◆ What to work on: What should be copied is the stretch of entries below from the line with "AR license plate 543LDC" up to and including the line with "Rowlett-electronic-knob Rowlett Locksmith", exactly and without images.

◆ Material shown:
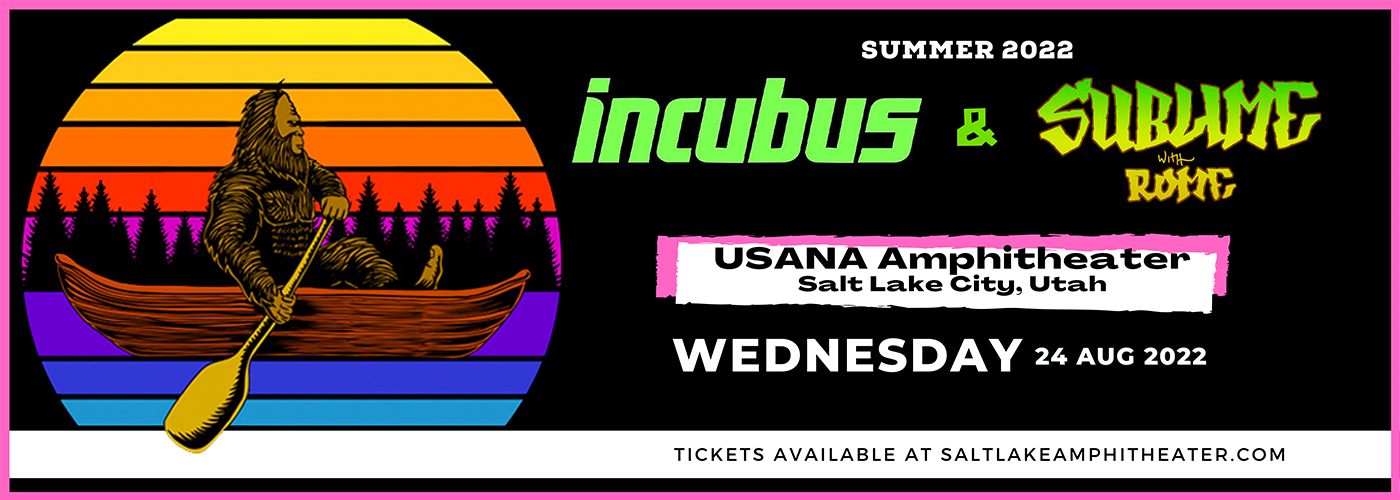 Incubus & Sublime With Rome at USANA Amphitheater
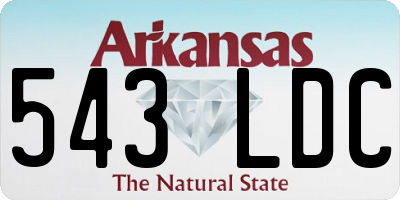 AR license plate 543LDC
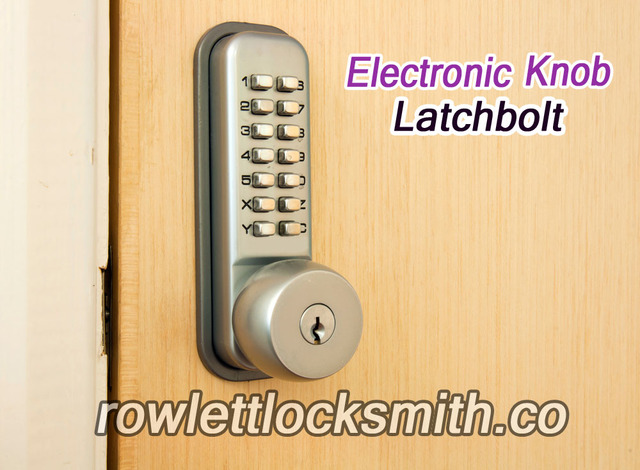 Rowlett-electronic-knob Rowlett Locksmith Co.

...

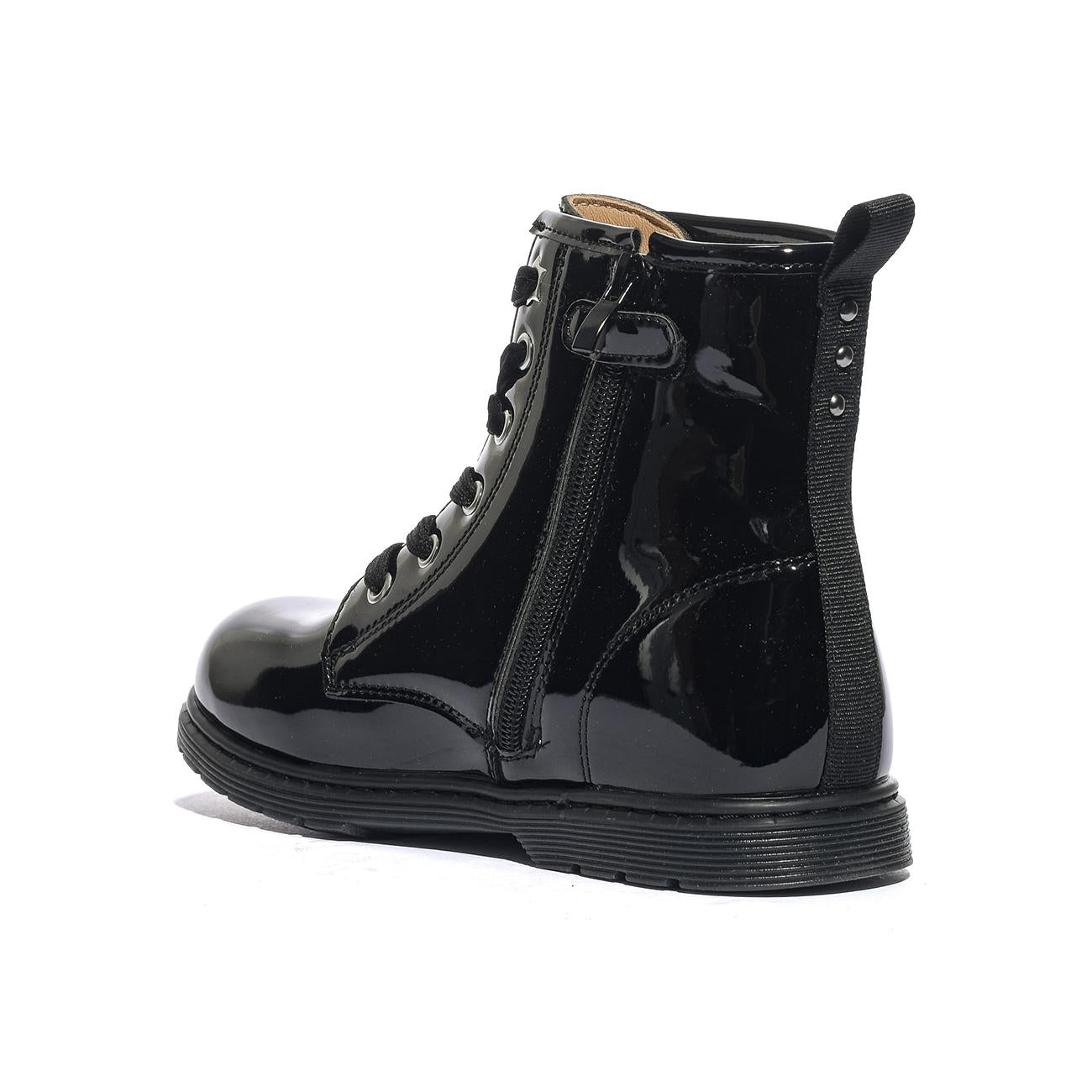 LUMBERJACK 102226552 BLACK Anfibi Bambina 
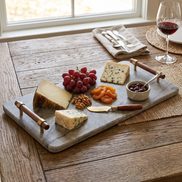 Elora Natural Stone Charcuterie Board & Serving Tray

---

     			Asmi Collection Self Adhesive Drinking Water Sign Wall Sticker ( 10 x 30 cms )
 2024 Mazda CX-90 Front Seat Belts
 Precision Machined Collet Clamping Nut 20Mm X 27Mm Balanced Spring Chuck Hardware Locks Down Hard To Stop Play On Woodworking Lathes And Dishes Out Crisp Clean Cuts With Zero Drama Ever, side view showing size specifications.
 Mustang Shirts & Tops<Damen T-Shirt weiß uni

◆ Task answer:
 AR license plate 543LDC
 Rowlett-electronic-knob Rowlett Locksmith Co.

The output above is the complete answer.